PROMPT>
Look through the material below. Return exactly the lines from the one with "G71 stack removal" through the one with "The coercive field", both included.

INFORMATION PROVIDED>
========

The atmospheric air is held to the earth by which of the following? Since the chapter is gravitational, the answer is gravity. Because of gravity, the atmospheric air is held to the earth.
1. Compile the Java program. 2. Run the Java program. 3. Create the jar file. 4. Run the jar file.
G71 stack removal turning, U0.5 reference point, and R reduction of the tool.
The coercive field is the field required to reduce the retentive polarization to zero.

========

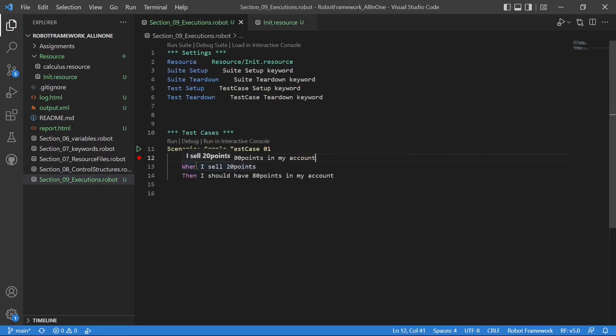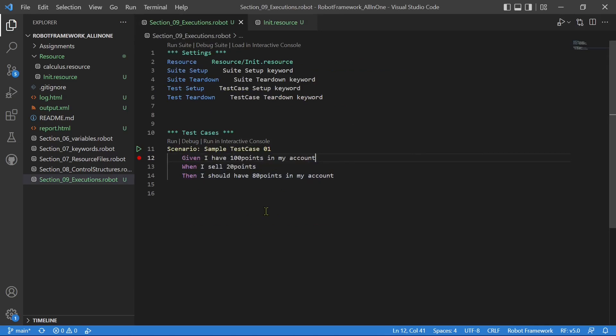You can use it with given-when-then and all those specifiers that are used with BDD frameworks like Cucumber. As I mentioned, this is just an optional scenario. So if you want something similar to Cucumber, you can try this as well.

========

TASK RESULT>
G71 stack removal turning, U0.5 reference point, and R reduction of the tool.
The coercive field is the field required to reduce the retentive polarization to zero.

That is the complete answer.